Эмблер поднял голову и посмотрел на Лорел, приникшую к видоискателю камеры. В душе его открылась бездна, прикрыть которую было уже нечем.

Он знал, что не сможет обмануть ее фальшивой улыбкой. Она поймала его взгляд и прошептала одними губами: «Я тебя люблю» – для него эти беззвучные слова были проблеском надежды в темном туннеле.

Сдаваться нельзя. Он должен победить.

Убийца был здесь, готовый повернуть историю человечества одним движением пальца.

Дело Эмблера – найти киллера, но сделать это он мог, только став Таркином.

И он стал Таркином.

Он снова приник к видоискателю. Звуки утихли, наступила тишина, в которой слышались лишь медленные, гулкие удары его собственного сердца.

Оно отсчитывало последние секунды.

Эдриан Чой листал присланные Кейтлин личные дела. Те самые личные дела персонала психиатрической клиники, заполучить которые жаждал Кастон. И что же? Ничего. Дурацкие резюме и практически ничего больше. И зачем только их надо было так прятать?

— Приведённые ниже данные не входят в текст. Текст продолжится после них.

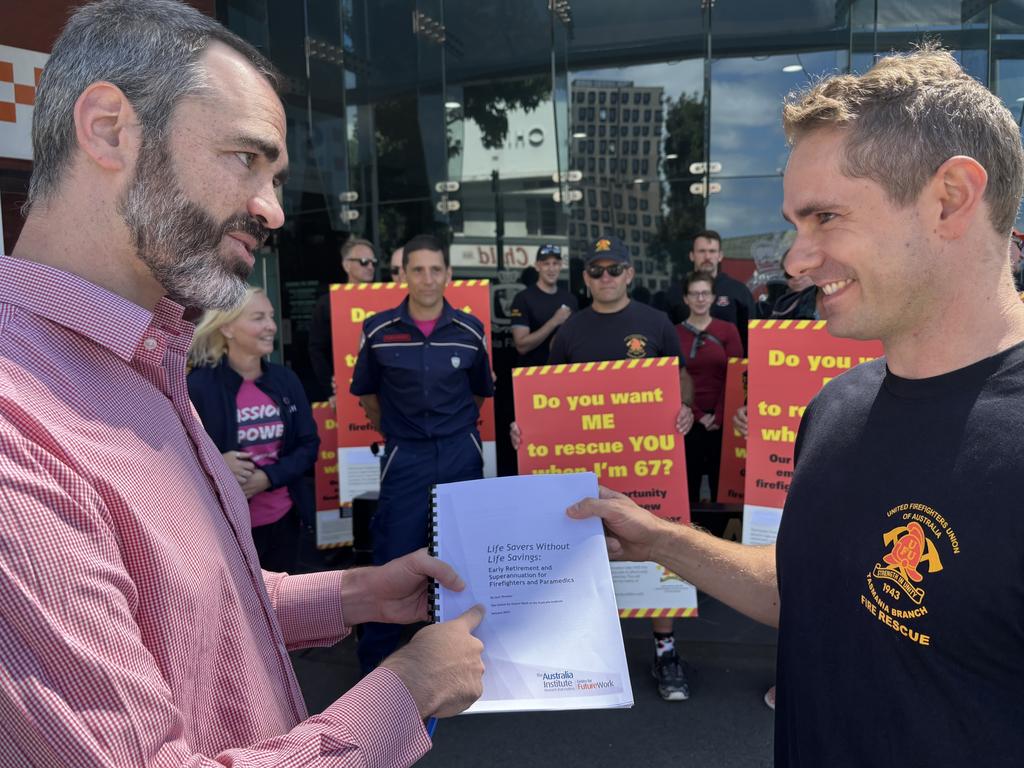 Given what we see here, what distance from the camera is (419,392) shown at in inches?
177

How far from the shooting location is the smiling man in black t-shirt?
43.0 inches

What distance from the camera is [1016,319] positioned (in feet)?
4.03

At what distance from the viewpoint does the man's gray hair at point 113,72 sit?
1.12 metres

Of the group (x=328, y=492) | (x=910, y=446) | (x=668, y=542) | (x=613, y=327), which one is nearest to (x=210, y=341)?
(x=328, y=492)

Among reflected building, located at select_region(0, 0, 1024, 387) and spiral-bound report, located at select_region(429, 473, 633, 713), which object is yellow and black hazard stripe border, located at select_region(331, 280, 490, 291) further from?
spiral-bound report, located at select_region(429, 473, 633, 713)

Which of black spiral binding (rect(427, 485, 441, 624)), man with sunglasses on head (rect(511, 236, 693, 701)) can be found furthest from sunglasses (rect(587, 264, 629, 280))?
black spiral binding (rect(427, 485, 441, 624))

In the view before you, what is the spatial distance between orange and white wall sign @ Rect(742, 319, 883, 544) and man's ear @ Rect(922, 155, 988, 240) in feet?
9.16

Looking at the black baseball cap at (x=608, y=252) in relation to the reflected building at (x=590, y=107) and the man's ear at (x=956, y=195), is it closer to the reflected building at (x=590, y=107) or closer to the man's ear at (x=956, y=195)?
the reflected building at (x=590, y=107)

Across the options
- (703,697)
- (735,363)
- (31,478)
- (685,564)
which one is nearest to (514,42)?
(735,363)

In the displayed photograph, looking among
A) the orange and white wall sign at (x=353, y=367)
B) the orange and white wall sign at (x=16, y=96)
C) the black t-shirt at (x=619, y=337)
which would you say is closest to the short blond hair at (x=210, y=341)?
the orange and white wall sign at (x=16, y=96)

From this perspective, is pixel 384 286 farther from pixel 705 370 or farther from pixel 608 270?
pixel 705 370

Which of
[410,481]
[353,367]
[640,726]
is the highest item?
[353,367]

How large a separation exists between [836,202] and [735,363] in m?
3.78

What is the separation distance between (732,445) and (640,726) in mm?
2024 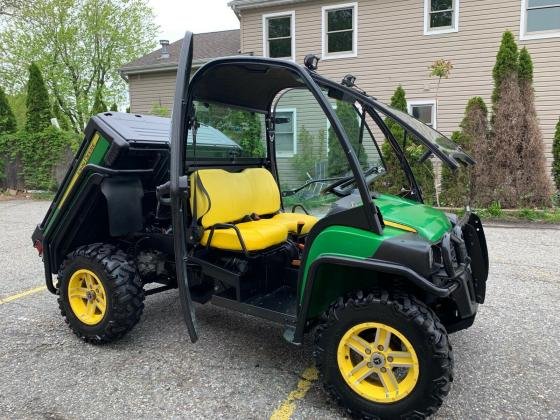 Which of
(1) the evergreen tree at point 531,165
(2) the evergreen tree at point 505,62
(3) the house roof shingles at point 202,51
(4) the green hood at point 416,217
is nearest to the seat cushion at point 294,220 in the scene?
(4) the green hood at point 416,217

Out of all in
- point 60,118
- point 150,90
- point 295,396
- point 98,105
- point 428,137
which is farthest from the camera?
point 98,105

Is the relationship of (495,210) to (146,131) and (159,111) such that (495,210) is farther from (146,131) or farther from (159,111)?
(159,111)

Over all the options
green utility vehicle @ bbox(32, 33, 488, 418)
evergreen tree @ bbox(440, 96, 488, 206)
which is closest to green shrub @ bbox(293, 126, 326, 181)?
green utility vehicle @ bbox(32, 33, 488, 418)

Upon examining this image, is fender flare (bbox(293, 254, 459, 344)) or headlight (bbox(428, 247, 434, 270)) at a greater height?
headlight (bbox(428, 247, 434, 270))

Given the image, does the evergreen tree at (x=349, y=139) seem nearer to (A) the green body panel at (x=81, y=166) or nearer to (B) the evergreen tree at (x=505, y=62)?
(A) the green body panel at (x=81, y=166)

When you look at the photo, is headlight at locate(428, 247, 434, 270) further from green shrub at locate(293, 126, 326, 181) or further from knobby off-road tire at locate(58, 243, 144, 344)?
knobby off-road tire at locate(58, 243, 144, 344)

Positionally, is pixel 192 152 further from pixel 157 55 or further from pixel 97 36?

Тем не менее потрудиться пришлось немало, а то, что достается тяжело, заслуживает самого пристального внимания. И Эдриан решил, что пройдется по досье частым гребнем.

Вскоре он уже зевал от скуки. Такую чушь только на ночь и читать. Занудливое перечисление училищ, колледжей, мест службы – это что касается санитаров. У психиатров – списки степеней и почетных званий. У медсестер – дипломы об окончании экзотических учебных заведений вроде Военно-морской школы здравоохранения в Майами. Загадочные коды и аббревиатуры в послужных списках охранников – Группа-6 ВП, 202 (?) и почти у всех ОУР. Отдел уголовного розыска? Вот так.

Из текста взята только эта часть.